What to do: Copy out the data line by line exactly, from its start to the line bearing "Bedřich jogurt různé druhy 150 g", inclusive.

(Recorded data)
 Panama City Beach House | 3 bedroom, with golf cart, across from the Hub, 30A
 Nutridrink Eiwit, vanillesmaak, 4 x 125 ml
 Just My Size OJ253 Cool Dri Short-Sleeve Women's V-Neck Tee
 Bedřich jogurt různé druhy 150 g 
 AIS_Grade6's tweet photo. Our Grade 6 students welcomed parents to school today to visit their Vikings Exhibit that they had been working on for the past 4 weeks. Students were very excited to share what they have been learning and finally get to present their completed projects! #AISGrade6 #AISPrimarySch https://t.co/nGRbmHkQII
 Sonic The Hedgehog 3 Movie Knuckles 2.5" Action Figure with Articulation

Response area:
 Panama City Beach House | 3 bedroom, with golf cart, across from the Hub, 30A
 Nutridrink Eiwit, vanillesmaak, 4 x 125 ml
 Just My Size OJ253 Cool Dri Short-Sleeve Women's V-Neck Tee
 Bedřich jogurt různé druhy 150 g 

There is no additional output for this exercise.